▶ **Activity**
All lines of the entries with "from" in them must be listed.

[Stored records]
• • • • •

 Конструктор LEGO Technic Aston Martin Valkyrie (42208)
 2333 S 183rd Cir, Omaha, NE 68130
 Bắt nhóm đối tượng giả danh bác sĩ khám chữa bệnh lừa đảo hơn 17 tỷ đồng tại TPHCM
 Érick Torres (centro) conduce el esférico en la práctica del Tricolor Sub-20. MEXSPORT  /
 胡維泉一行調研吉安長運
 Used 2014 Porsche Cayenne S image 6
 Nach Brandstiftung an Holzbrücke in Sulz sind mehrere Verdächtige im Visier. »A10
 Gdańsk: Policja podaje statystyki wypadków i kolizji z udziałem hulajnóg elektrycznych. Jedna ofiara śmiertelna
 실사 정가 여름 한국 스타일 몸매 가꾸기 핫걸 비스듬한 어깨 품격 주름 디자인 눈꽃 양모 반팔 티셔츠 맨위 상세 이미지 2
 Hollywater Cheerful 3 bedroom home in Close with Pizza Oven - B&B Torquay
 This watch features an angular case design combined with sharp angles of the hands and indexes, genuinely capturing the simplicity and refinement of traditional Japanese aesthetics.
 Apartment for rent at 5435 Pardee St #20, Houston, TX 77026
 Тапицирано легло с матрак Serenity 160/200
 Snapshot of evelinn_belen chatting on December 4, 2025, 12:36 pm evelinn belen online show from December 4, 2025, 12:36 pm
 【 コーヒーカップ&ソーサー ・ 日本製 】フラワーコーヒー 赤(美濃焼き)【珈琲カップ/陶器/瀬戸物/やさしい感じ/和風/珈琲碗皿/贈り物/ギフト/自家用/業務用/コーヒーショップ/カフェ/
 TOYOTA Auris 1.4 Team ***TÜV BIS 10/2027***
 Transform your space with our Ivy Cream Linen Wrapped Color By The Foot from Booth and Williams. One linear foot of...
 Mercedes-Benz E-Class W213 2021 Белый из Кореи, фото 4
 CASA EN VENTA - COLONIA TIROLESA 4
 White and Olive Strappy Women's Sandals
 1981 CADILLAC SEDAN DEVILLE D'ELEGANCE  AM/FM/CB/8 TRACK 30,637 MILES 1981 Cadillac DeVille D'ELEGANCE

• • • • •

▶ **Problem solution**
 Snapshot of evelinn_belen chatting on December 4, 2025, 12:36 pm evelinn belen online show from December 4, 2025, 12:36 pm
 Transform your space with our Ivy Cream Linen Wrapped Color By The Foot from Booth and Williams. One linear foot of...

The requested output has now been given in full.